I named my daughters in honor of the princesses from our ancient epic - Luyanta and Dolasilla. I only have two children so far, but my mother’s family had six, and my grandmother’s had 15. The Ladins historically had large families. To feed them, men often left in winter to work in neighboring provinces, and in summer they went high into the mountains with cows. The economy and community were entirely dependent on women. It is thanks to women that our people are still alive.


Women even dress much more modestly on holidays

The Ladin community has always been ruled by men, but at home behind closed doors a woman's word is law. My opinion is asked fourth in the family - after my mother, wife and daughters. It was the same in my parents’ family: my mother had the final say. My mother ran a tavern and bakery where my father worked as a pastry chef. These are the ways of our community.

Married ladies always wear a forged silver wallet on their belt, in which symbols of female power are hidden - a knife and fork. Married ladies wear dark clothes. The decoration - a lace crown - can only be afforded by a little girl. Our men dress brightly and attractively. For example, in Val Gardena the men's national costume is leather pants and a bright tailcoat with a top hat. So in nature, for example among birds, the duck is gray and inconspicuous, but the drake is bright and elegant.


The Ladins managed to maintain a cozy world beyond the rocky Alps

In Val Gardena there is a tradition: if a girl wants to get married, then in the fall she gives her chosen one three pears. In Val Badia there is a similar custom, but the girl shows her location with the help of easter eggs. If a young man receives one egg on Easter, this means that he will not be a suitor; two eggs - the girl sees only a friend in him. But they give three eggs to their loved one. After this, the guy can go to the girl’s parents to ask for her hand in marriage.

The bride's mother is preparing furtaes - a deep-fried omelette dough pie. She puts the pie in a separate room to cool, and the groom's friends try to steal it. If the mother is distracted and lets the thieves through, then this is a great shame for the whole family. The pie symbolizes that the girl’s chastity was preserved by her strict mother until the wedding.


Our kitchen is very rich, almost all dishes are prepared in large quantities oils Hard work, cold winters require a lot of energy. The basis of the diet is bread. If it gets stale, they don’t throw it away: they crumble it, pour it with milk and prepare dumplings. IN Good times Both meat and game appear on the table. Every housewife knows how to cook dozens of types of sausages.
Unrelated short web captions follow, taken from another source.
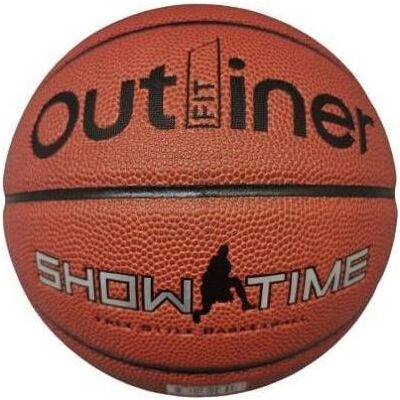 Outliner Größe 5 Basketball - Basketball Outliner Größe 5 Basketball - Basketball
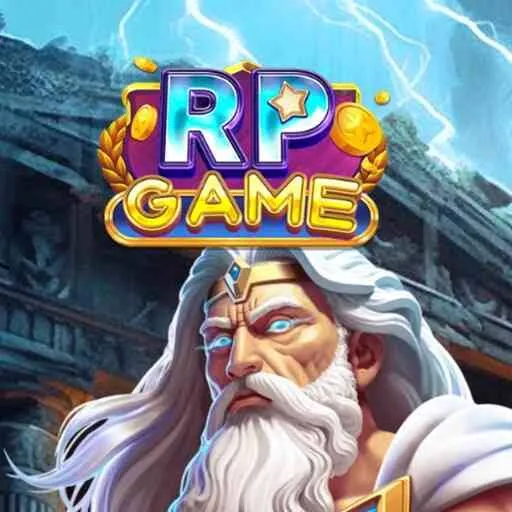 rpgame APK Terbaru dan Aman untuk Diunduh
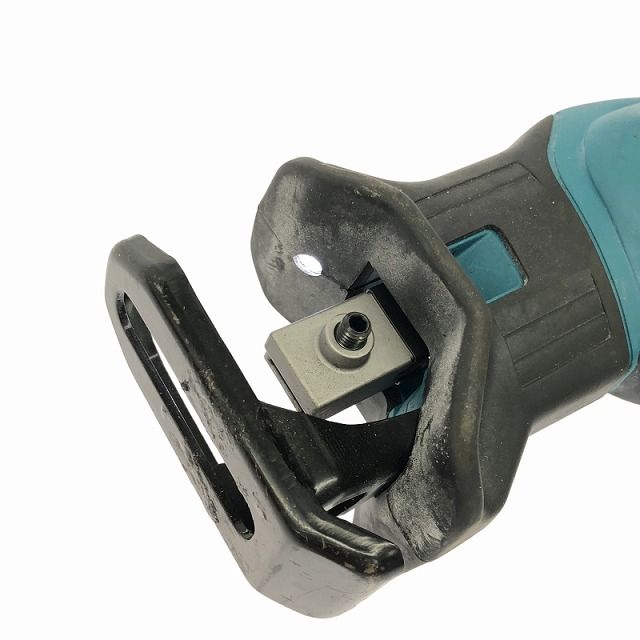 マキタ 14.4V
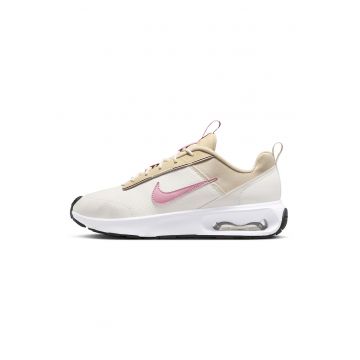 Pantofi sport Air Max INTRLK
Whatever the Ladins do today, the basis of their life is agriculture

We believe that vivens live in mountain rivers - good female spirits. After all, water, like a woman, gives life and prosperity. The Vivens sit by the shore in the evenings and rinse their clothes. If you see a vivena, wish her well - and it will return to you a hundredfold. But if you offend the vivena, her anger will fall on you like a swift mountain stream, and then even the bravest and strongest man will be in trouble.

Our legends and tales existed only orally, passed on from mother to daughter. In the Ladin epic, the main characters are always women. They are the ones who make decisions, rule the destinies of the people, and even take to the battlefield. In all fairy tales and legends it is read the main idea - the balance of the Ladin world is disrupted as soon as a man tries to influence the course of events.
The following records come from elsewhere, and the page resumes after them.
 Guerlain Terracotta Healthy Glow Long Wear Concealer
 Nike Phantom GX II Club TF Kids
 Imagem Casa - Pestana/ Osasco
On ski resorts In South Tyrol, inscriptions in Ladin can be seen as often as in German and Italian

Ladins are a peaceful people, we have never fought against anyone. But we were sent to the front during wars because we accurate arrows and we know the surrounding mountains like the back of our hands. First World War left a big imprint on the consciousness of people, because it was its events that led to the fact that our lands were transferred from Austria-Hungary to the Italians in 1919. For us, the First World War is the main thing historical event. We have not yet experienced this war.


Not a single Ladin festival is complete without folk music

On November 1 and 2 we celebrate the Feast of the Dead, we remember all the fallen. For this holiday, our women prepare kazunze. This is a special type of ravioli, square or crescent shaped, filled with spinach (green) or beets (red). They are fried in oil and left to cool in a bowl overnight. It is believed that deceased relatives come to feast on them at night. The next morning, the family eats the “leftovers” and thanks the dead for their generosity.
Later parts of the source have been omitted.